But the Tuesday bit can’t possibly matter, can it?

“It depends if you ask a mathematician or a statistician,” says Devlin. The mathematician would simply extend the possibilities that were available in the original puzzle and then nix the possibilities that could be nixed. If we didn’t know that one of the kids was born on a Tuesday, our possibilities would be all the possible crosses of: B-Mo, B-Tu, B-We, B-Th, B-Fr, B-Sa, B-Su, with G-Mo, G-Tu, G-We, G-Th, G-Fr, G-Sa, G-Su.

Cool so far?

Now, you know that either the first or the second child is a boy born on Tuesday, and here’s how Devlin lays out the revised possibilities:

First child B-Tu, second child: B-Mo, B-Tu, B-We, B-Th, B-Fr, B-Sa, B-Su, G-Mo, G-Tu, G-We, G-Th, G-Fr, G-Sa, G-Su.
Second child B-Tu, first child: B-Mo, B-We, B-Th, B-Fr, B-Sa, B-Su, G-Mo, G-Tu, G-We, G-Th, G-Fr, G-Sa, G-Su.

Since “both boys born on Tuesday” is already listed in the first set, we don’t need to list it again in the second, making 27 (instead of 28) possible combinations of gender and day of the week for two kids, if at least one is a boy born on Tuesday.
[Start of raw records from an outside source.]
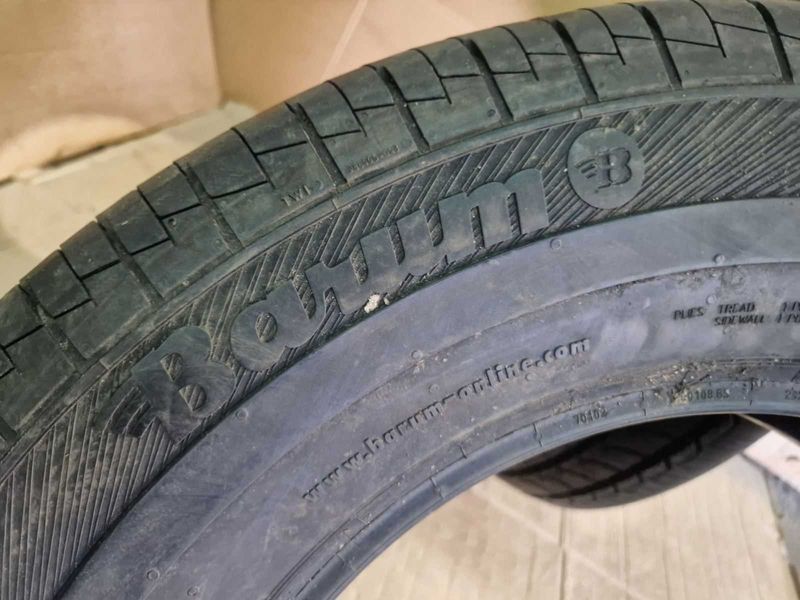 2 Barum R16C 215/75
летни бусови гуми DOT0618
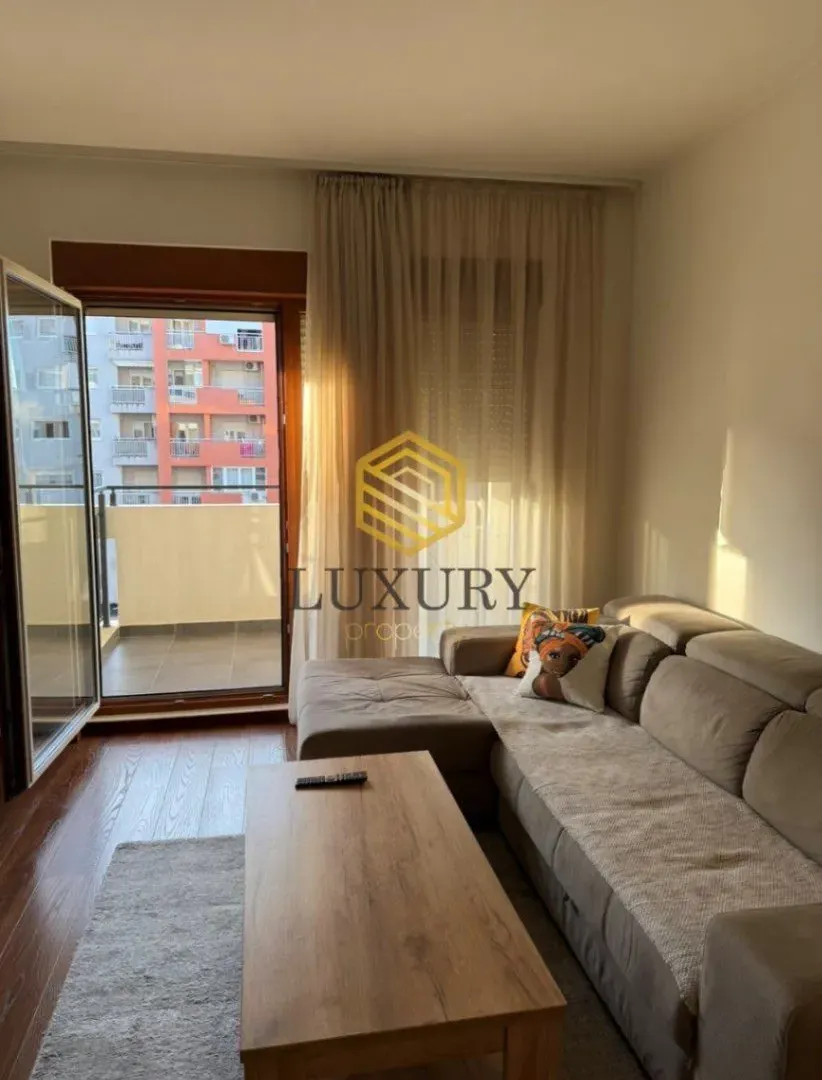 Izdavanje, jednosoban stan, 50m², Master Kvart, Podgorica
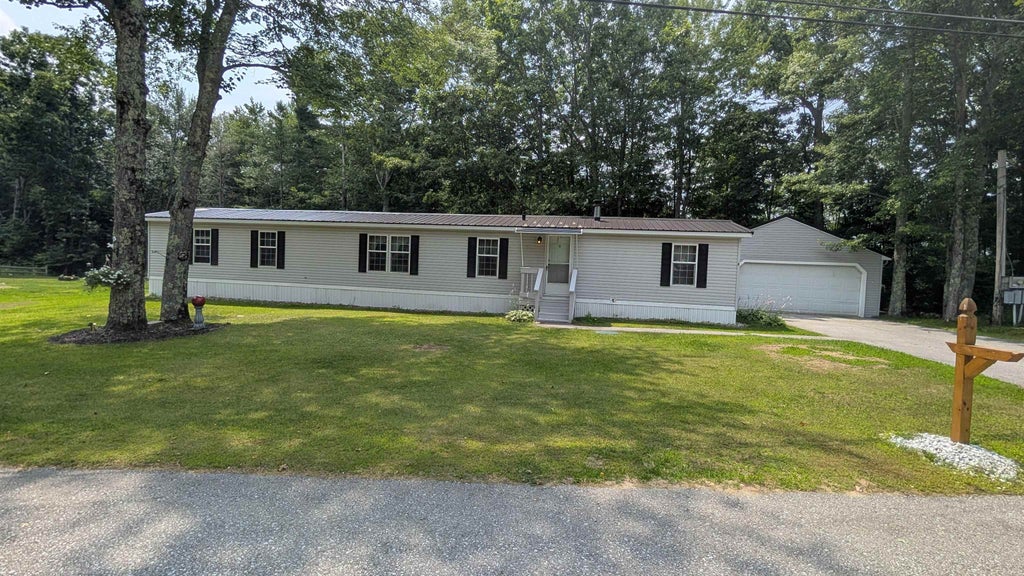 Photo of 732 Concord Stage Road #9, Weare, NH 03281 (MLS # 5102140)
And of these 27 possibilities, 13 of them include a second boy. So the answer is (instead of a one in two or one in three chance) a 13/27 chance that both will be boys.

D’you hear that crackling sound? That’s the sound of your neurons trying to deal with the previous five hundred words. Don’t say you weren’t warned. But stick with it. It’s worth it. You can do it.

Now, on to statisticians, who take another view entirely. To them it matters what else could have been said and the interpretations that can pop up when math is released into the real world. “For example,” says Devlin, “we’re taught that multiplication is commutative, that 3 × 4 is the same as 4 × 3; but in the real world three bags of four apples isn’t the same as four bags of three apples.” Similarly, he points out in his blog that if you’re told that a quarter pound of ham costs $2 and then asked what three pounds will cost, a mathematician would tell you $24, but a statistician who’s been to a supermarket knows there’s not enough information to answer the question -- of course, every supermarket discounts for bulk.

In the case of the Tuesday boy problem, imagine you’re from a culture that requires you to speak about an elder child first, before mentioning the younger. That means it’s the eldestchild who’s the boy, and you rule out both G-G (as before) but also G-B, leaving the possibilities BB and BG, and a one in two probability of both being boys.

So there are two broad interpretations of almost all real-world numbers problems -- the stripped-down, mathematicians’ approach and the interpretive statisticians’ approach. And it’s in this wiggle room of interpretation where pure math hits the real world that misleading statistics are born. For example, in 1993 the columnist George Will was mathematically correct when he wrote in the Washington Post that “the ten states with the lowest per-pupil spending included four – North Dakota, South Dakota, Tennessee, Utah – among the ten states with the top SAT scores. Only one of the ten states with the highest per-pupil expenditures – Wisconsin – was among the ten states with the highest SAT scores. New Jersey has the highest per-pupil expenditures, an astonishing $10,561…New Jersey’s rank regarding SAT scores? Thirty-ninth.”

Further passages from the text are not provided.